The fun stopped Saturday morning as the Bendamustine spread its poison. Along with it came the worst heart burn and stomach acid of my life. I couldn't eat and I couldn't poop. Everything began to ache. Craig and I took separate trains home – him headed for a much-needed boys adventure and me back to Sloan for a quick Neulasta shot in the arm then to travel to my parents where I proceeded to melt into a blob. My brother was home from school for the long weekend and made me up some scrambled eggs which I force fed myself and sipped the milk that he assured me would soothe my burning chest. He passed out on the recliner and me on the couch as Happy Gilmore blared in the background.
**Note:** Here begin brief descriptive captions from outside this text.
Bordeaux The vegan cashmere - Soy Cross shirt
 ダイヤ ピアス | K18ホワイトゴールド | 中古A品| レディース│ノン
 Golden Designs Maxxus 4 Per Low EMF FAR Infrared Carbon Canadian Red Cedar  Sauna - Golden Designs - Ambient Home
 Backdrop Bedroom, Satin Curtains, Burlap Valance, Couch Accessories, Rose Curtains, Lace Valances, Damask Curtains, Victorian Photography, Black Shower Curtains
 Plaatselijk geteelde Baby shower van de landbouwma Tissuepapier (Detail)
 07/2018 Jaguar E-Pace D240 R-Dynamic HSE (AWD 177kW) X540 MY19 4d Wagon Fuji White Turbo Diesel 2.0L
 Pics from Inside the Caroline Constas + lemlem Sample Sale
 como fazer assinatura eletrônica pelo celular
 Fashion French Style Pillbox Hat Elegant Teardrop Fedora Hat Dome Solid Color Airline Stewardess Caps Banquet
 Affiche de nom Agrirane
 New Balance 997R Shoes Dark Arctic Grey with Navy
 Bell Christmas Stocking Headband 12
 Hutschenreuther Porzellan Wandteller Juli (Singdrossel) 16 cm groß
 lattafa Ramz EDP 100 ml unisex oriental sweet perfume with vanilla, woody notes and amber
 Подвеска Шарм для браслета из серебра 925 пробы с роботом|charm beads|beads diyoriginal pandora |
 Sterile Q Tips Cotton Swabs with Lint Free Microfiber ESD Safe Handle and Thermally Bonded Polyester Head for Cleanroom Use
Sunday was just a blur. Its only highlight was picking Sammy up from her days away with Melissa and her chocolate lab Ruby (Sammy's bestie). Sammy was just as tired as me and Craig from all that butt sniffing and bone stealing and the three of us were a pile of zombies cuddled under blankets. The erratic voices of Sunday football announcers took us in and out of sleep. This groaning routine spilled into what was suddenly Monday night football.
I now have three weeks to recover then it's back to New York to do it all over again. Just thinking about it makes me exhausted.